Paxos

Single-instance consensus

  • different problem abstraction from Raft
  • same environment—asynchrony
    • node/network failure/slowness
  • “equivalent” to multi-instance consensus
  • proposer/acceptor/learner: logical roles; each server/replica has all

Preliminaries

  • starting point
    • different replicas have different ids; can generate distinguished numbers
    • a value is attached with a number to distinguish
  • goal
    • The system eventually “chooses” a value; or, a value gets chosen
    • Chosen (by definition) if it is “accepted” by a majority of servers

Thinking

  • a server has to accept the first value it sees.
    • otherwise the system will never choose any value
    • consequence: each server may accept different values
  • a server has to accept multiple values
    • otherwise “split”
    • consequences multiple values can be chosen
  • if two values get chosen, they must be the same value
    • otherwise unsafe
  • equivalent to: if a value with number n is chosen, any value with greater number m (m>n) chosen must be the same value
  • further: if value-n is chosen, any value-m accepted must be the same value
  • further: if value-n is chosen, any value-m proposed must be the same value
  • if value-n is chosen, before value-m is proposed, the system replies value-n to the value-m proposer.
  • if value-n is possibly chosen, before value-m is proposed, the system
    • replies value-n to the value-m proposer,
    • or, the system promises not to accept/choose value-n anymore.

Protocol

  • prepare phase:
    • pick number n, send prepare messages (phase-1a) to all
    • on receiving a prepare request, each replica updates its highest seen ballot, reply (phase-1b) with the highest number value it has ever accepted.
    • collect replies (phase-1b) until get at least a majority, pick the value with the greatest number to propose, if no value in replies, pick any value
  • accept phase:
    • use the value picked, send accept messages to all
    • on receiving an accept message, check highest seen number, accept and reply
    • a majority of replies -> chosen (commit)
  • commit phase:
    • broadcast commit messages notifying the chosen value

Questions

  • can a server accept different values?
    • yes
  • does the majority of phase-1 (prepare) and phase-2 (accept) have to be the same?
    • no
  • can each server only keep 1 ballot number instead of 2?
    • no
  • in phase-2, can we use the original ballot number as the accept number?
    • no
  • in a 3-replica system, if (v1, b1) is accepted on server s1, (v1, b3) is accepted on s2, is the value v1 considered chosen (committed)?
    • no, think about the case where:
      • s1, s2 prepared b1; s1 accepted (v1, b1)
      • s2, s3 prepared b2; s2 accepted (v2, b2)
      • s1, s3 prepared b3; s3 accepted (v1, b3)
      • s1, s2 prepared b4; s1, s2 accepted (v2, b4)

Multi-Paxos

  • each log entry maps to a Paxos instance
  • batch prepare request
    • normally 1 roundtrip to commit a value on the leader, same as Raft
  • log entry has more content than Raft
    • highest seen ballot, accepted value ballot, value
  • unlike Raft, log entry could be modified
    • otherwise what could happen?
  • reconfiguration
    • add view information into each log entry.

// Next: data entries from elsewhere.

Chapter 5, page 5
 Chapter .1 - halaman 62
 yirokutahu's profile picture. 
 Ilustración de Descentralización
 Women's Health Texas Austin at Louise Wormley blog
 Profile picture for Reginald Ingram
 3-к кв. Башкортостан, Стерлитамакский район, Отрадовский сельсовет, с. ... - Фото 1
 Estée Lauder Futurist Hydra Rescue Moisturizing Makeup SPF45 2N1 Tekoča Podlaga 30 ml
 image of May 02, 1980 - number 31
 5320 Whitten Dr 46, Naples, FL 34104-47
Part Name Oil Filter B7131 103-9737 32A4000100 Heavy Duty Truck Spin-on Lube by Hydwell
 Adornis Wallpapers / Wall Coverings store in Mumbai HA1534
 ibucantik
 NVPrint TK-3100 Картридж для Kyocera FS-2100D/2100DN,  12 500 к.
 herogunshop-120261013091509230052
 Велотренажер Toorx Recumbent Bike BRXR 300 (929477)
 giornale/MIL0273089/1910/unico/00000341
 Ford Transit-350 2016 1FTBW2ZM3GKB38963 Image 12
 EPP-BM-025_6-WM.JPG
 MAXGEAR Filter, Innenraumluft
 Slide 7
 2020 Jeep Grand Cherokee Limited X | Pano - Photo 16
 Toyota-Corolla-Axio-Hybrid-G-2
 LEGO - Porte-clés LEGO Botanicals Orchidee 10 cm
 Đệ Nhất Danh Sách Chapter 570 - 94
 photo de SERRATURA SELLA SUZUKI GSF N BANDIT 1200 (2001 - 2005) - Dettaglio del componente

Compare Multi-Paxos and Raft

  • similarities:
    • log structure
    • performance (w.r.t. 1 message roundtrip to commit)
  • differences:
    • currentTerm is not highest seen ballot
    • term in each log entry is not the same as accepted ballot
    • Raft has two extra rules

Paxos->Raft

  • change phase-1: move comparison from proposer to acceptor.
    • proposer send its accepted ballot to others to request a “vote”
  • “super-prepare/accept”
    • each super-prepare prepares all instances
    • each super-accept accepts all instances
    • “super-reject”, if any instances refuses to prepare/accept, then reject
  • global ballot number?
    • a single highest seen ballot for all instances
    • a single highest accepted ballot number for all instances
      • what about the ballot numbers in each log entry?
      • if we keep them, “sometimes”, they are the same as the highest accepted ballot number
        • sometimes = when highest seen ballot = highest accepted ballot.
      • if the proposing server always use the ballot in a new log entry:
        • for a recipient, the last log entry log ballot is always the same as the global highest accepted ballot.
        • so we can remove the global highest accepted ballot.
    • revisit Raft rules
      • “up-to-date” rule in leader election
      • “cannot count” rule in failure recovery
  • shrink the super-prepare/accept message size.
    • prepare
      • send a digest of all previously accepted entries
      • this digest is accepted ballot + log length (index).
    • accept
      • prefix of the committed logs are the same.
      • inductively, a ballot at the same index is the same => all previous are the same
      • send a “delta”: what is different between the leader/follower?
      • should guarantee no “holes”.